Alla luce di una lettura che ha suscitato in lui una commozione analoga
a quella provata da Roy oltre 60 anni prima, il messaggio di Sergio Portas
si può sintetizzare in queste parole riecheggianti lo schema di
giudizio dello scrittore francese: “Niente ha potuto averla vinta
sulla sardità di Gramsci”.
Nel suo complesso questa corrispondenza (della quale Benedetto Croce ha
scritto che “appartiene anche a chi è di altro od opposto
partito politico”) – sottolinea Canfora nell’edizione
del “Corriere” – “ha un triplice valore: letterario,
per la qualità indiscutibile della prosa; intellettuale, per le
idee che l' autore esprime; umano, per la sofferenza cui il detenuto è
sottoposto e che non fa mai venir meno la sua volontà di non piegarsi
ai carcerieri”.
Michela Murgia (così come Sergio Portas) è interessata a
mettere in luce il “danno” che può provocare nei giovani,
nei ventenni, “la privazione dell’incontro con la teoria di
un maestro robusto e con la vita di un clamoroso testimone civile come
Gramsci”. Per lei, “queste lettere personali, quanto di più
lontano dall’accademia filosofica si possa immaginare, sono un ottimo
modo per fare la pace con l’uomo Gramsci, conoscerne la vivacità
di spirito, la piacevolissima prosa, la rettitudine morale e l’esperienza
sofferta di perseguitato politico”.
Insomma, queste Lettere non possono lasciare “indifferenti”

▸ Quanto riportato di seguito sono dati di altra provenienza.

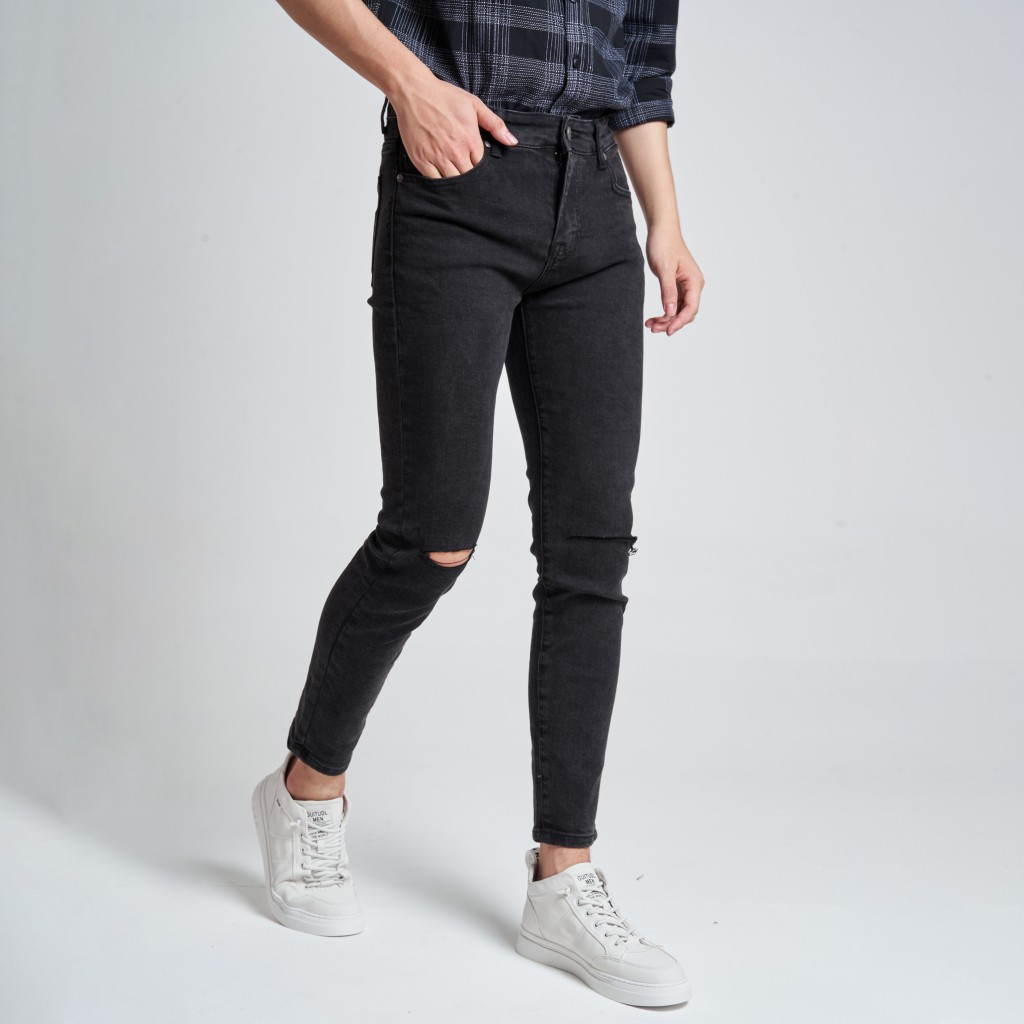 Quần Jeans Nam Rách Gối Chất Bò TONY4MEN Form Slimfit Màu Đen QJ1060 | BigBuy360 - bigbuy360.vn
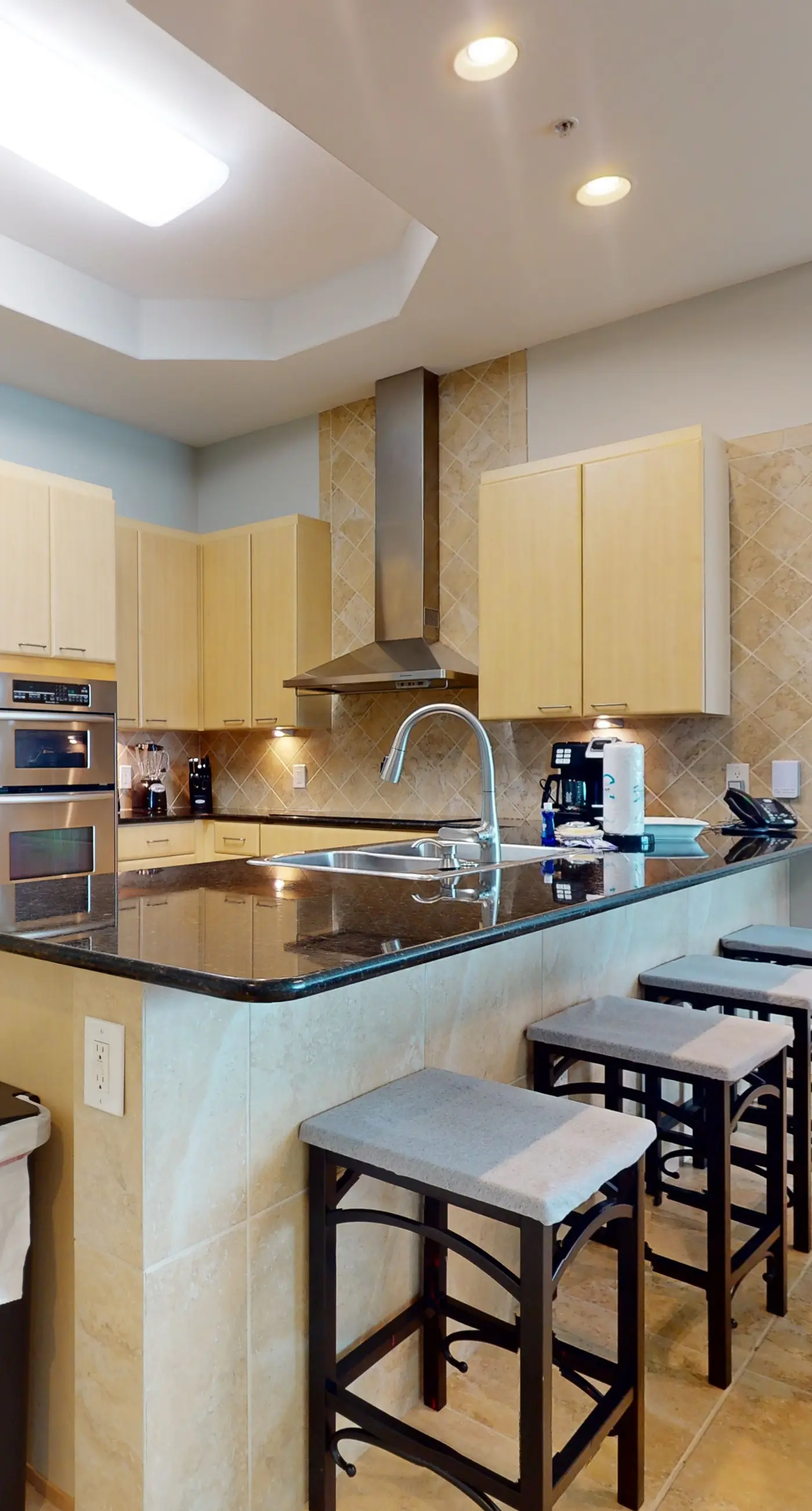 Brilliant water view condo with multiple pools, lazy river & internet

(condizione che Gramsci avversava in sommo grado); esse ci offrono la
lezione di un “classico”, cioè di un maestro-modello
di coraggio, di moralità, di profondità di pensiero, e anche
di bella, brillante scrittura (non a caso Giuseppe Fiori – lo ricordiamo
con affetto a otto anni esatti dalla morte – raccomandava questa
lettura ai giovani desiderosi di diventare giornalisti).